In my travels over the last decade designing lubrication programs, I’ve seen a shift in the profile of lubrication experts. I can remember walking into plants where lubrication was viewed as a menial task that could be delegated to the lowest skilled employees with little to no training. Visits to these types of facilities are few and far between these days.
There has been a massive change in most companies’ approach to maintenance, reliability and lubrication. Perhaps it was spurred by the economic challenges of the last few years, or maybe it was just time for a change. Regardless, organizations are having to do more with less and are finding that being proactive with maintenance and reducing their upfront operational costs can have a huge effect on the bottom line.
Today, there are many different lubrication roles. A simple search on a job-posting site will reveal a number of companies looking to fill the void in their programs which has resulted from years of undertrained, undervalued and underutilized people as well as a culture that fostered the decay of the position.
Thankfully, this is now a thing of the past, as organizations are waking up to the reality that having the right person for the job could potentially save millions of dollars in lost production, machinery downtime, safety, etc. This is great news for those who are well-versed in lubrication and oil analysis. You are now a wanted, needed commodity with a limited quantity, and in business that means money in your pocket.
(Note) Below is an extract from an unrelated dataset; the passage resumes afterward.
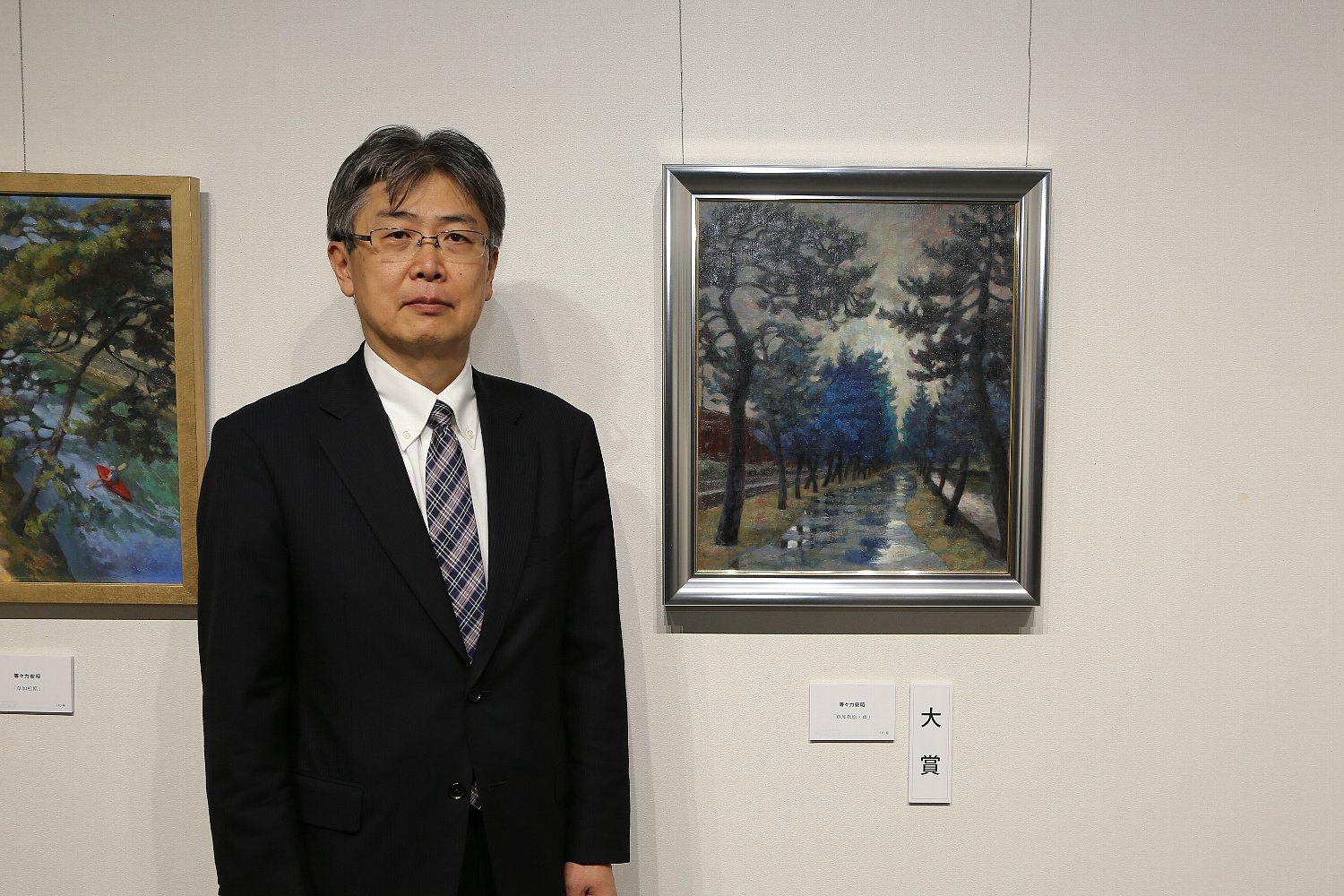 大賞「草加松原・雨」と作者 等々力安昭氏の画像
Let’s take a closer look at these voids in the lubrication field, including some of the current positions that are available at major manufacturing facilities.
Lubrication Technicians
The frontline defense against machinery wear and failure, lubrication technicians know the best practices and perform them routinely. They are not oilers. This position makes the oiler extinct. A lube tech is a thinking worker who has mastered the skills needed to perform at an extremely high level.
The benefits of having a technician who is “in tune” with the equipment and knows what it should look, sound, feel and even smell like are enormous. If these individuals can also troubleshoot issues while they are still in the proactive domain of the failure curve, they are worth their weight in gold.
Lubricant Analysts
A lubricant analyst is a condition-monitoring professional. This person is literate in the language of oil analysis and knows how to routinely extract critical reliability information from lubricants by asking a series of precise questions. The answers will relate to the health of the machine, the oil and the contaminants it contains.
Lube analysts interface with others in the lubrication field as well as analysts in vibration, thermography, acoustics, etc. Often this individual is skilled in many of the other condition-monitoring technologies, further leveraging the synergy these trades have when combined.
Machinery Lubrication and Reliability Engineers
Lubrication engineers are the mentors to lubrication technicians. They have a desk job but spend the majority of their time trying to translate what is written in engineering textbooks to what works well on the plant floor. They are a technical resource for others who need specific lubrication information.
While the lube tech is out in the field practicing world-class maintenance and lubrication, the lubrication engineer is responsible for identifying the optimum reference state for equipment, documenting the procedures and training the staff so everyone is operating with the same expectations.
Lubrication Management Professionals
In the past, this role would have been part of a maintenance manager’s duties, but today it requires an individual’s full-time, undivided attention. Unlike the positions mentioned previously, which are technical careers, the lubrication management professional advances along a management path.
Those who are cut out for management with lubrication training have a real opportunity at large plants, mills and fleet organizations as companies increasingly pull lubrication into the forefront of maintenance and operations.
In less than 10 years, the lubrication field has gone from oilers to professional careers focused on the intricacies of lubrication and oil analysis. What do the next 10 years have in store? Will being the “lube guy” require a stint at the local university to learn the knowledge necessary to bring value to the company?
Obviously, technology will advance. When will the lubrication technician carry a pocket-sized oil analyzer that can rival today’s offsite laboratories? Those days are coming, and with the realization of the value that these seemingly simple tasks can bring to an organization, they are coming at an exponential rate.